No more hypocrisy!

Many years back, my uncle’s colleague was in tears when he described the unreasonable demands made by his daughter’s parents-in-law before, during and immediately after the wedding. My uncle felt really bad that all he could do was to offer his colleague a shoulder to cry on. I remember my uncle giving us a detailed description of the unreasonable demands and telling us how the bride was shocked and disgusted by the behaviour of her parents-in-law.

A few months later, my uncle attended the wedding of the same colleague’s son. My uncle was dismayed to observe his colleague torturing his daughter-in-law’s parents, making almost exactly the same unreasonable demands that his daughter’s parents-in-law had made. What pained my uncle, and all of us, was the fact that his colleague’s daughter, who had been shocked and disgusted by the behaviour of her parents-in-law, seemed to enjoy the spectacle of her parents doing the same things that her parents-in-law had done. Her shock and disgust seemed to have vanished into thin air!

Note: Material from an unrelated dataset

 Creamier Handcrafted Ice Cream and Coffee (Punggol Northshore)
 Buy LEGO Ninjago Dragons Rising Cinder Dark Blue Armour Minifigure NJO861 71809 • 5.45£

This kind of thing happens all the time.

We are shocked and disgusted when we, or our loved ones, are victims of any form of discrimination.

But how do we react when we, or our loved ones, are perpetrators of the same form of discrimination?

Does our attitude towards any sort of discrimination depend on whether we gain or lose by such discrimination?

At the workplace, all of us like our seniors to treat us as equals, but don’t many of us love to boss over our juniors?

How many parents can claim that they genuinely try to treat their daughters-in-law just like they treat their daughters?

Women belonging to ‘upper caste’ families may complain about gender discrimination, but do they speak out against caste discrimination?

How many of us try to ensure that the economically weaker persons in our lives are treated with dignity?

Do we discriminate against certain persons or groups, particularly when we think nobody else will know about it and/or when we think we can get away with it?

Are we shocked and disgusted when we, or our loved ones, are perpetrators of discrimination?

Or are we shocked and disgusted only when we, or our loved ones, are victims of discrimination?

Let us all try to remove all kinds of discrimination, irrespective of whether we, or our loved ones, are victims or perpetrators.

Let us stop being hypocrites.

(This post was originally published on Nov 23, 2013.)

Humanism

Many people sincerely try to bring about social change by fighting against discrimination. Some of them are full-time activists, while the rest engage in activism in the course of their daily lives.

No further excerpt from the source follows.